Los novelistas miran y ven la realidad y su vida, evocan sus recuerdos y
rememoran sus experiencias: aquello que de algún modo ya sabían y aún no habían
expresado, aquello que en principio captan de modo tentativo y después consiguen
escribirlo coherente, narrativamente. Los novelistas distinguen en su interior
un mundo que ya estaba y que ahora erigen, un mundo interno enmarañado que se
parece a la realidad externa, un mundo que se asemeja a un documento confuso, a
un texto de partes intrincadas y yuxtapuestas. En la existencia del observador,
todas las cosas son indicios, todo remite a todo: hay una asociación de
experiencias y, por ello, un recuerdo remite a otro.
Cuando nuestro
escritor se pone a averiguarlas y a verbalizarlas dando forma a una historia,
deberá ser coherente con lo que va escribiendo, de manera que eso que queda
fijado le comprometa: el novelista se somete y desarrolla dichos datos de modo
congruente. Éste es el proceso de escritura de Javier Marías: si esto lo
aplicamos a una novela en tres volúmenes que sobrepasa las mil quinientas
páginas, se comprenderá que el esfuerzo sólo pueda calificarse de colosal. Así
es Tu rostro mañana, una obra cuyo primer volumen se publica en 2002
(Fiebre y lanza), el segundo en 2004 (Baile y sueño) y el tercero
en 2007: Veneno y sombra y adiós. Es este cierre lo que justifica esta
reseña y, hablando con propiedad, mi lectura de ahora, de ese tercer volumen que
sobrepasa las setecientas páginas, confirma lo que escribí cuando la novela aún
estaba inconclusa (ver link: Espías como nosotros).
Conforme
avanza, el autor elabora un mundo de palabras con personajes, circunstancias,
ateniéndose a lo dicho, sin arbitrariedades, sin incongruencias. Más aún, ese
mundo de palabras remite a libros anteriores: a Todas las almas,
principalmente, pero también a Corazón tan blanco o a El siglo. No
cometer incoherencias en una ficción que se desarrolla al tiempo que se escribe
–una ficción de la que no hay mapa de partida-- es una aventura arriesgada. Más
aún cuando esa novela tiene concomitancias obvias con la vida del novelista:
entonces, la posibilidad de confusión o de contradicciones es mayor.

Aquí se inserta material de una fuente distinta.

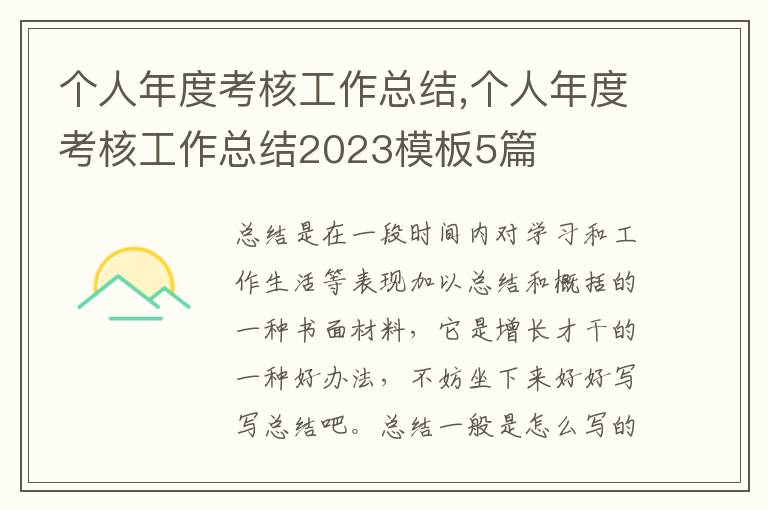 個人年度考核工作總結,個人年度考核工作總結2023模板5篇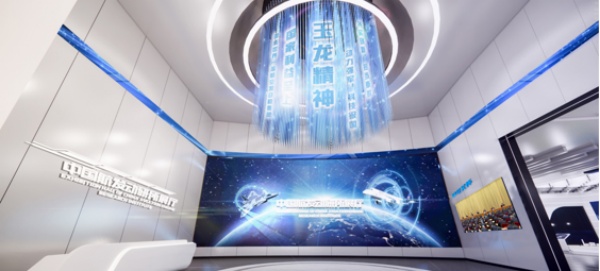 數字展廳對企業的戰略價值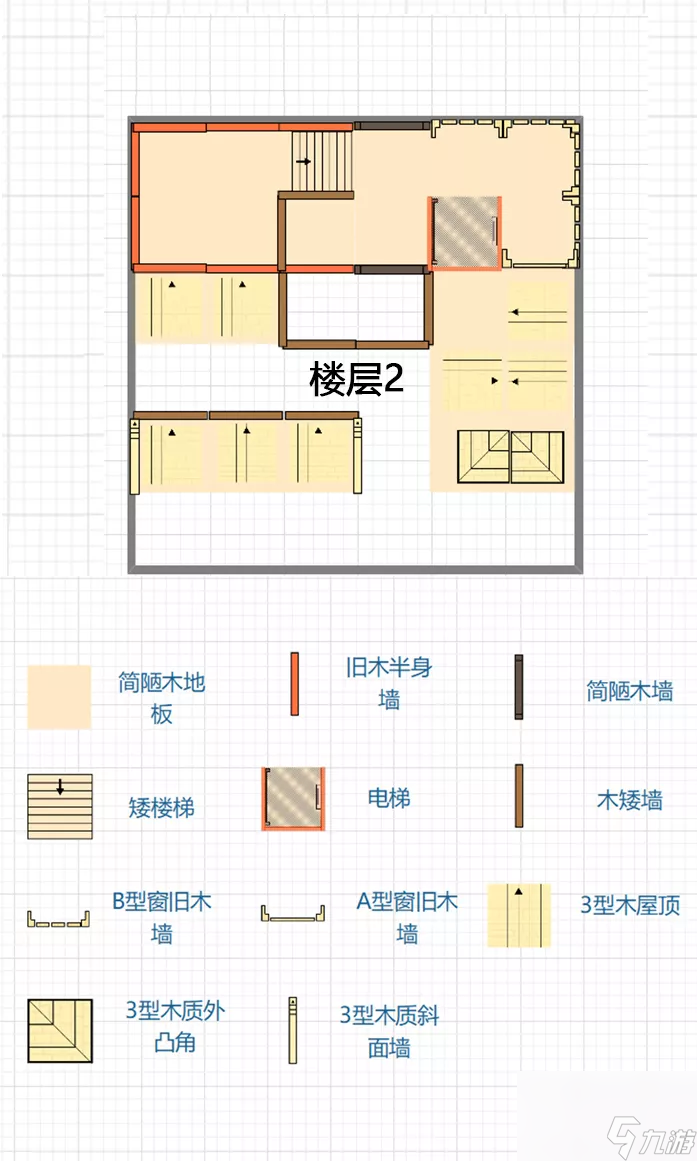 明日之后建房子的图纸 明日之后建房子教程一步一步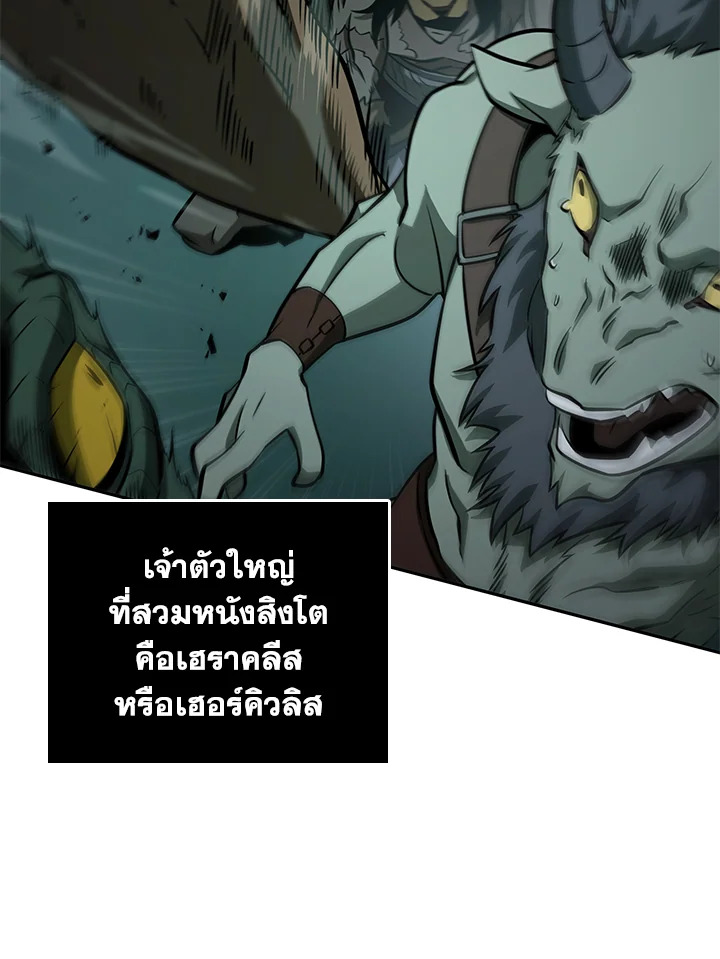 อ่านมังงะ Tomb Raider King ตอนที่ 322/9.jpg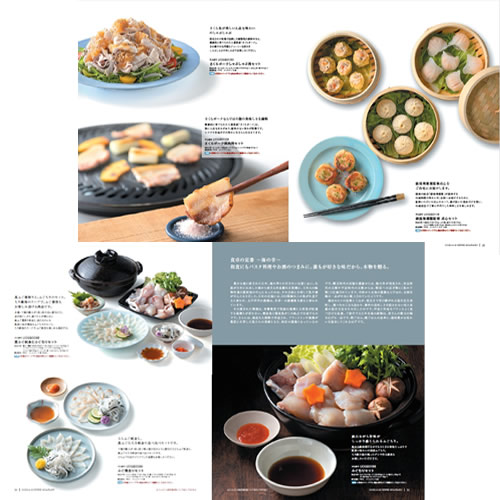 オリジナルカタログ Aコース オリジナルあい＞カタログギフト オーシャンテールライフ ライト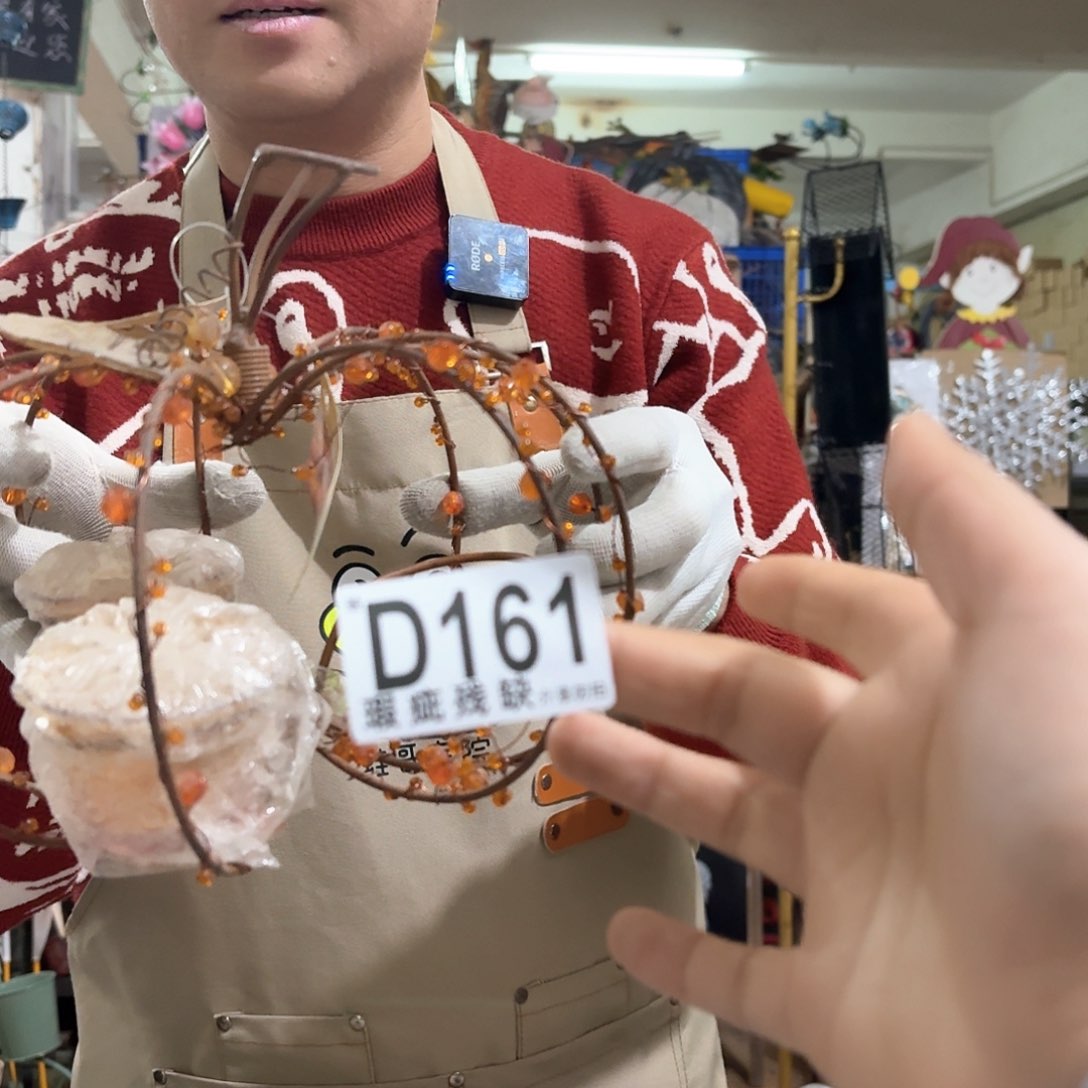 核桃木/黑胡桃（胡桃木）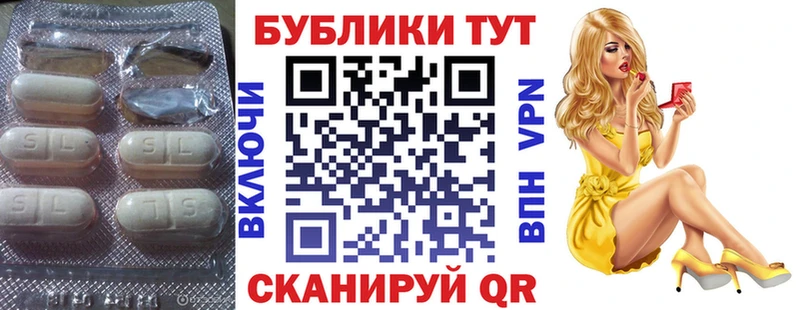 дарнет шоп  Судак  Ecstasy диски 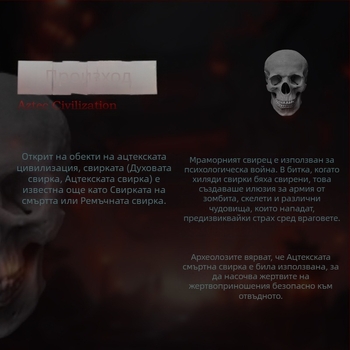 Порцеланова окарина-духова свирка, ацтекски дракон Хелоуин декор, марка Dehua Tao Dixuan, категория: Животно, опаковка: цветна кутия с гъба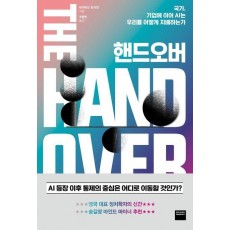 핸드오버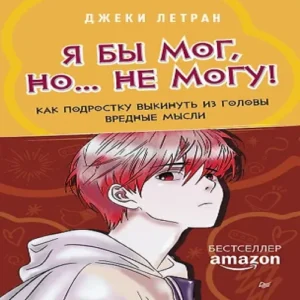 9scxa4y6S7BQy42Jmi2G3Y966fBTfbp1500_500-1
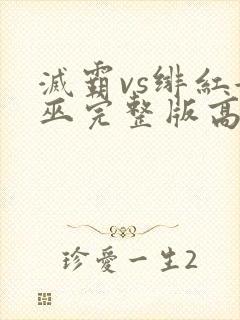 灭霸vs绯红女巫完整版高清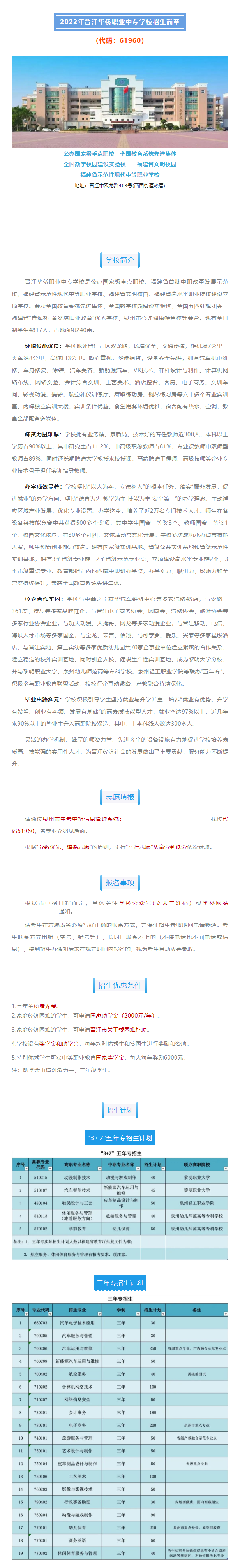 <a href=http://www.tjsxht.com/school-399/ target=_blank class=infotextkey>xASIЌWУ</a>2022
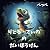 A great adventure of Little...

¿Es ésta una historia de espías? Es
una historia de intriga que se disuelve en el cuento de lo cotidiano e
imprevisto: narrada ya en Madrid, cuando el protagonista ha dejado el grupo de
espías. En realidad, es un relato de lo ordinario, de lo que a todos nos acaece
obligándonos a interpretar, a conjeturar
Hay aquí un
personaje que es a la vez narrador, alguien llamado Jaime, Jacobo, Jacques, Yago
o Jack Deza, un antiguo profesor español que estuvo en Oxford. La historia de
Tu rostro mañana ocurre después de haber abandonado la docencia: relata
su paso por un grupo especial del MI6, encargado de espiar vaticinando o
haciendo informes de individuos a partir de los leves o documentados indicios
que la vida y el rostro de los otros ofrecen. La narración en primera persona
tiene una sintaxis especial, la que es tan característica de Javier Marías: la
oración de período largo, la amplificación, la reincidencia deliberada, la
salmodia que repite como cifra y enigma frases o invocaciones frecuentemente
shakespearianas que encierran proverbio y misterio. ¿Es ésta una historia de
espías? Es una historia de intriga que se disuelve en el cuento de lo cotidiano
e imprevisto: narrada ya en Madrid, cuando el protagonista ha dejado el grupo de
espías. En realidad, es un relato de lo ordinario, de lo que a todos nos acaece
obligándonos a interpretar, a conjeturar. Es la suya una prosa confesional que
se asemeja a un monólogo interior, a una reflexión condicionada por inevitables
digresiones (como es la vida): con los meandros propios de la reiteración.
Aunque alguien nos cuenta --Jaime, Jacobo, Jacques, Yago o Jack Deza— hay
diálogos internos que se transcriben en estilo indirecto, en estilo directo, con
personajes relevantes y, como el novelista, habladores: entre otros, el jefe de
los espías Tupra o el profesor oxoniense Peter Wheeler. En esta novela, como en
otras de nuestro autor, es común que alguien cuente al narrador algo cotidiano y
pavoroso a la vez, ordinario y terrible: algo que tiene que ver con la
experiencia –de dolor, de incertidumbre, de miedo-- y con la depuración
propiamente narrativa de dicha experiencia.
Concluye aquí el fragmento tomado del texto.